Look through the data below for the line with "2024 Porsche Macan", and transcribe it exactly together with each line after it up to and including the line with "天空 足球 球 框 蓝天白云 球框 体育 运动 健身 体育背景 体育运动 生活百科 蓝色". Give nothing else.
----- Records supplied -----
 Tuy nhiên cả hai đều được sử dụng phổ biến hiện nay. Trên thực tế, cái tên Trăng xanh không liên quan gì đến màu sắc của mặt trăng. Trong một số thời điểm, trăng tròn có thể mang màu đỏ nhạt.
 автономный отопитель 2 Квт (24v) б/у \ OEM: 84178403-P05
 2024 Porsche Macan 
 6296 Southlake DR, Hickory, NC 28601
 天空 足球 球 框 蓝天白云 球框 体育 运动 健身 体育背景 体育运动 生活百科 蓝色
-----
----- Records supplied -----
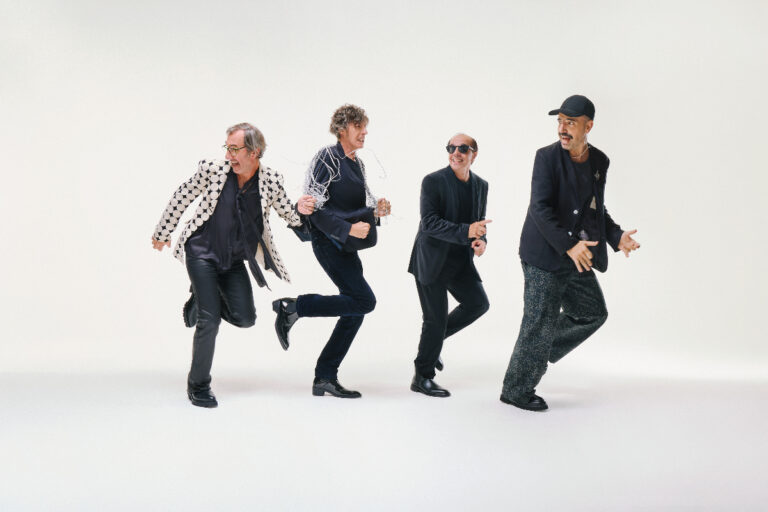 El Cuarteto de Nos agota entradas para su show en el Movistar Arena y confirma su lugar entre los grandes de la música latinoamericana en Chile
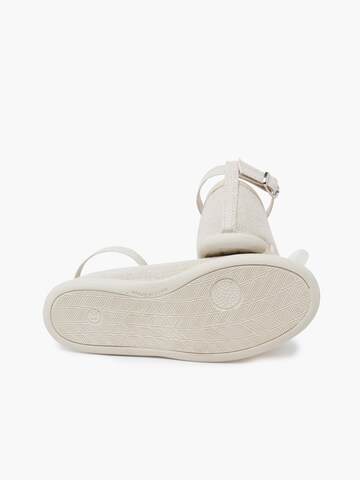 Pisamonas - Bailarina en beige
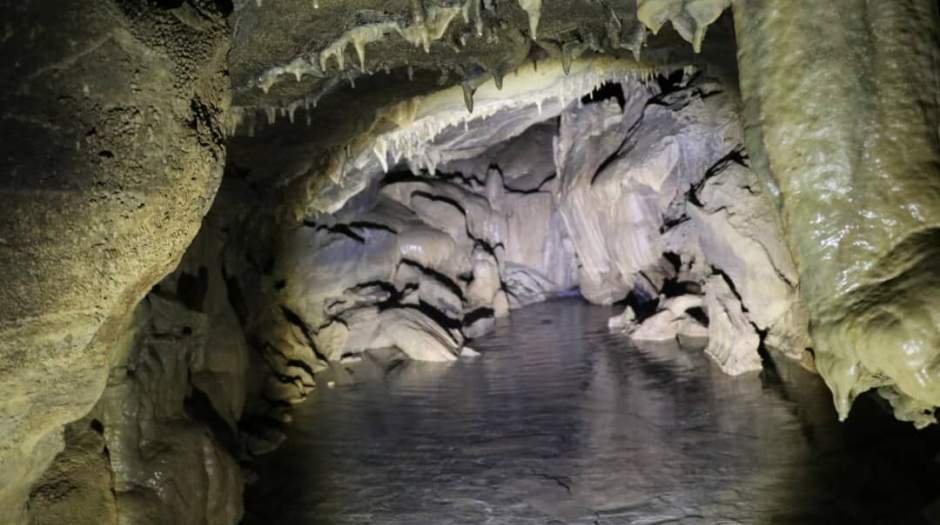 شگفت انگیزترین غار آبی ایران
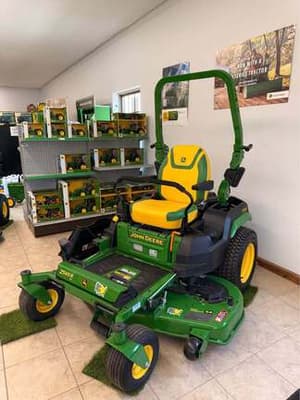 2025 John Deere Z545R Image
-----
| Reply to the exercise |
 2024 Porsche Macan 
 6296 Southlake DR, Hickory, NC 28601
 天空 足球 球 框 蓝天白云 球框 体育 运动 健身 体育背景 体育运动 生活百科 蓝色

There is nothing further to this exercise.